Three Don’ts in Wilderness Survival that may Save Your Life

20161015_072014Getting lost in the wilderness even for just one day can mean the difference between life and death. You might succumb to heat stroke, hypothermia, a fatal concussion from falling, drowning in a raging river, among others. Despite the immense challenge, you can still make it out alive with determination and especially knowledge. The key to survival sometimes lies in what to avoid.

1. Don’t Eat Berries and Mushrooms You Find in the Wild

Berries growing on bushes and mushrooms lying on the ground seem readily available snacks for alleviating hunger. Yet these can make you sick or even become your last meal. As a general rule, toxic mushrooms have bright colors to warn animals- or people – not to eat them. There are exceptions though, such as some from the genus Amanita that look innocent but deadly when consumed. Among berries, those of the holly shrub look luscious but eating them will result in nausea and diarrhea. Edible fruits and fungi do grow in the wild. However, it pays to steer clear and be safe.

What to do:

Hunting is more difficult than foraging but it does not come with the risk of ingesting toxin from plants and mushrooms. You may catch birds, small mammals, and even non-venomous reptiles and then prepare them as food to survive. Keep in mind that taking down bigger animals like deer require hunting implements or even ingenious traps. Additionally, you may consume birds’ eggs if a nest is found. If you come across a body of water, fishing guarantees a rather plentiful source of food.

2. Don’t Drink Water When You See It 

Dehydration presents a more urgent problem than starvation. The human body lasts longer without food than without water. Yet drinking water does not always come in plenty when you get lost in the wilderness. Lakes and rivers may be brown or gray with sediment, especially after rain. No matter how clear a pool looks, it still has microbes that can give you gastro-intestinal illness. Simply refrain from rushing towards water and drinking from it even if you are severely thirsty.

What to do:

Get a drink from bodies of water that flow, such as streams and brooks, instead of those that are still, such as lakes and ponds. Ensure your health by boiling the water too. Iodine tablets and portable water-purifying devices also do the job.
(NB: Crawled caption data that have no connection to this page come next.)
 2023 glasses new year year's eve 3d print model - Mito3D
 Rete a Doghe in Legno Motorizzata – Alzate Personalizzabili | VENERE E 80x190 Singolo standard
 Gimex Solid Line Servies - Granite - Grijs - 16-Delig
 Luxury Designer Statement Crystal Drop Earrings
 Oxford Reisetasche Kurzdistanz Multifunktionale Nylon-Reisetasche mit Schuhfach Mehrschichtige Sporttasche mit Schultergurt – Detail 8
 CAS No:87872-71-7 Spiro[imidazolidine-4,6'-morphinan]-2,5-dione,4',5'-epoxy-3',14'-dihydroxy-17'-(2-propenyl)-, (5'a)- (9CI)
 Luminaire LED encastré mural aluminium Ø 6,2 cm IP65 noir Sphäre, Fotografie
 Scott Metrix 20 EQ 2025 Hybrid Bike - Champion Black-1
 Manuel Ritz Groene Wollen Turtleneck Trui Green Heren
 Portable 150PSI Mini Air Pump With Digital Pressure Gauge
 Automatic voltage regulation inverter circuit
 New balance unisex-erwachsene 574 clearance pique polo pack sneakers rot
3. Don’t Enter a Cave Hastily

If you get caught under harsh weather, such as during a rainstorm or a blizzard, a cave offers excellent shelter from the elements. You can also spend the night there. Finding a cave eliminates the need to build a lean-to from branches, leaves, and even a large piece of water-repellent material in case you do not have a tent. Yet bears, big cats, and similar predatory animals also call caves their home. The last thing you want to happen is to get clawed, bitten, or worse. On the other hand, you might encounter venomous snakes.

What to do:

Before you approach a cave, listen for rustling noises or snoring inside it. Otherwise, you step back for a considerable distance before yelling at the entrance. Throwing a rock into the cave works better. If minutes pass and nothing happens, the cave is likely unoccupied. Be wary of a deep cave network. Venturing into it presents unknown risks. As further advice, always travel with a flashlight or a similar device. You may want to learn how to make a fire too.